6.0 The Fitness Function: Quantifying Solution Quality
The fitness function serves as the primary mechanism linking the Genetic Algorithm to the real-world problem it is solving. It acts as the “environment” that evaluates each candidate solution, determining which individuals are “fit” and thus more likely to survive, reproduce, and pass their genetic material to the next generation. It is the sole guide for the evolutionary search.
The fitness function is a procedure that takes a candidate solution (a chromosome) as input and returns a single numerical value—a quantitative measure of that solution’s suitability.
Characteristics of a Fitness Function
An effective fitness function should possess two essential characteristics:
- It must be fast to compute. The fitness of every individual is calculated in every generation, so a slow function can render the entire GA process impractically slow.
- It must quantitatively measure the fitness of a solution, providing a clear, numerical basis for comparing different candidate solutions.
While the fitness function and the objective function are often the same, they can differ. For complex problems with multiple objectives or constraints, a designer might create a custom fitness function that combines these factors into a single score. In cases where direct calculation is computationally prohibitive, fitness approximation techniques may be used to estimate a solution’s quality.
Example: Fitness Calculation for the 0/1 Knapsack Problem
Let’s consider the 0/1 Knapsack problem, where a solution is represented by a binary string.
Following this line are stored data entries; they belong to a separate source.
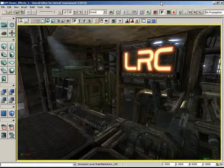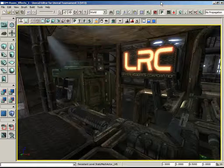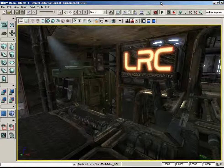We're going to take a look at Matinee, which is Unreal Engine 3's keyframe animation system, and how you can use it for a lot more than just moving doors and lifts — we're going to animate several different things in our levels. We're also going to take a look at special effects using Cascade, which is Unreal's particle editor.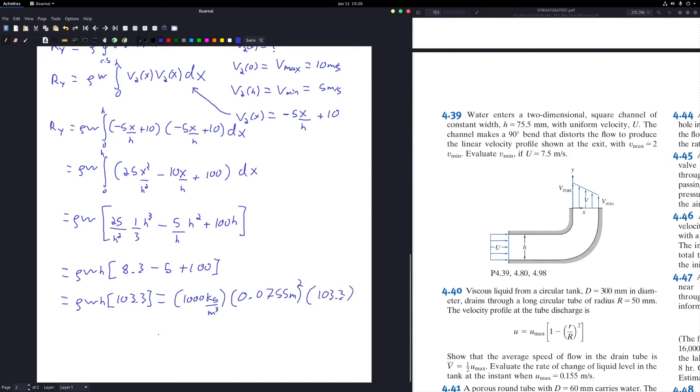Our reaction force in the y-direction is 588.8 Newtons.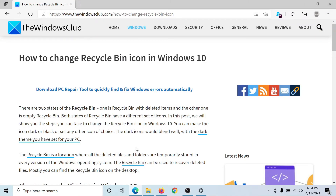If you have any doubts, please go to the original article on The Windows Club, scroll down to the comment section, and write your query — we will surely answer it. Do not forget to subscribe to the channel. Thank you for watching this video and have a nice day.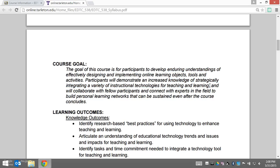It's going to involve you connecting and collaborating with fellow participants in the course and with experts in the field to build up your personal learning network. One of the most important things for me is that you'll sustain this even after the course finishes.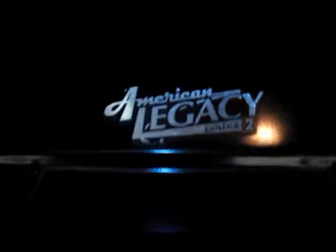Alright people, next on the tester, the old American Legacy LA978, 1200 watt, yeah right, 2 channel.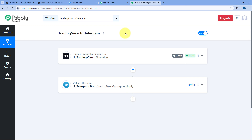You can connect plenty of other applications with PabblyConnect as well. You will find the clone link of this exact automation workflow in the description box below. By clicking that link, you can clone the same workflow into your own PabblyConnect account and use this automation for free. PabblyConnect also offers a free plan where you get some free tasks every month, so you can try and test this automation for absolutely free.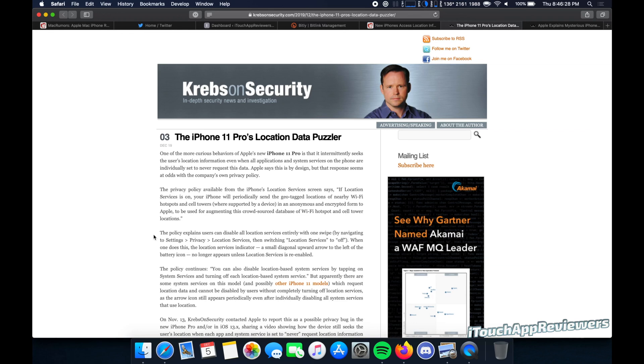Hey guys, what's up? Welcome back to iTouch App Reviewers. In this video, we're going to be talking about the iPhone 11, iPhone 11 Pro, and iPhone 11 Pro Max location data.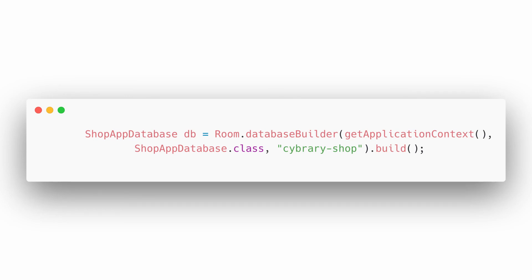In the next tutorial, we are going to use this to create an application, a shopping application where you can add shopping items and the amount you want, and you can also delete. Sort of like you want to go to the shop, but you want to write what you intend to buy so that you don't forget. I guess that would be an interesting application. So, let's go.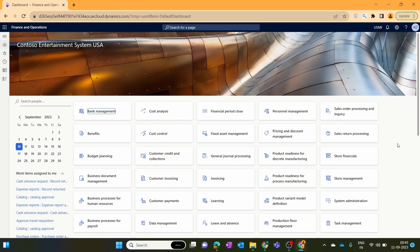Hey hello everyone and welcome to our DLX35 finance and operation module-wise training series. In this new episode we discuss about the inventory adjustment journal available in the inventory management module of Microsoft Dynamics 365 Finance and Operations.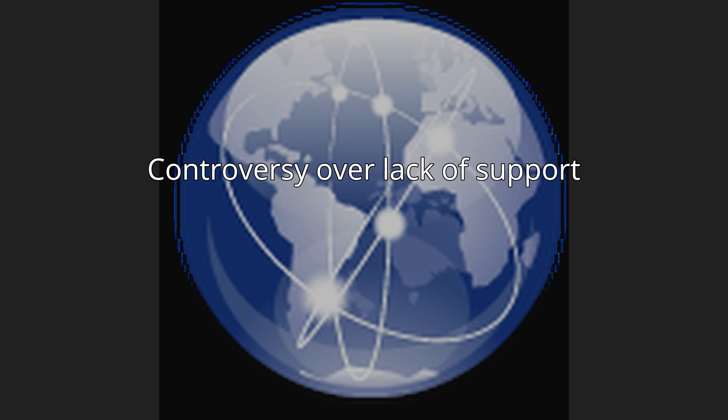Controversy over lack of support. The owner of self-serve web archiving tool archive.is believes 1.1.1.1 too often routes recursive DNS requests in a non-geographically optimal way, causing poorer connectivity than if the feature was available at all times.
A simple sum of profits for picked items is insufficient, as it does not account for the knapsack’s weight constraint. A robust fitness function must handle constraint violations. One common approach is to apply a penalty:
- Input: A binary chromosome (e.g., [1, 0, 1, 0, …]).
- Process: The function calculates the total profit and total weight of all items marked with a 1.
- Calculation:
- If the total weight is within the knapsack’s capacity, the fitness is equal to the total profit.
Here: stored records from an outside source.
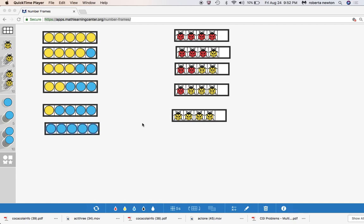The truth is that in kindergarten kids learn to compose and decompose numbers but they don't necessarily master this problem type but they get to play around with it. By first grade they really kind of get the hang of it and some kindergartners do really well with it as well.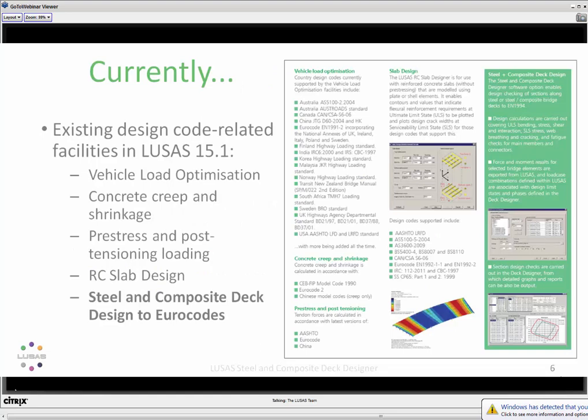LUSAS already has some design features. If you're a user, you may be using the vehicle load optimization, which creates live load patterns. We support a whole range of different codes — this used to be called Autoloader, but we've enhanced it and continue to add codes. We also cover concrete creep and shrinkage to various design codes, as well as pre- and post-tensioning. We've had RC slab design capability for quite a long time, recently enhanced with Indian codes and AASHTO codes.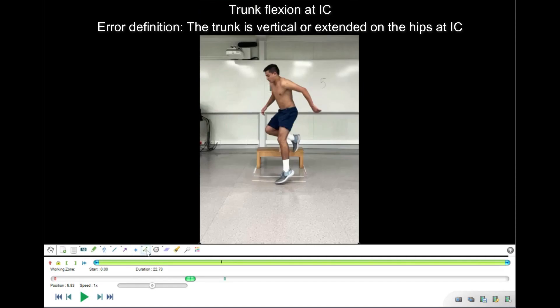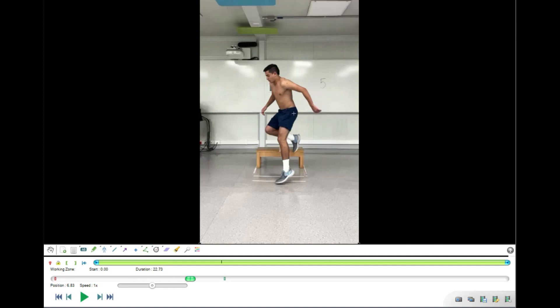The third item is trunk angle at initial contact. I take the angle measure and place the cross on the hip center, close to the greater trochanter, and set 90 degrees — representing how it would look if the trunk were vertical and extended at the hips. I then align the other line parallel to the spine, and we see that the trunk angle at initial contact is 15 degrees, which is more than 0, so no error is scored for this item.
- If the total weight exceeds the capacity, the fitness is the total profit minus a significant penalty. The penalty is often proportional to how much the weight limit was exceeded, ensuring that infeasible solutions are always less fit than feasible ones.
- Output: The final calculated fitness value.
Once every individual in the population has been assigned a fitness score, the GA can proceed to the next crucial step: selecting the best individuals to serve as parents for the next generation.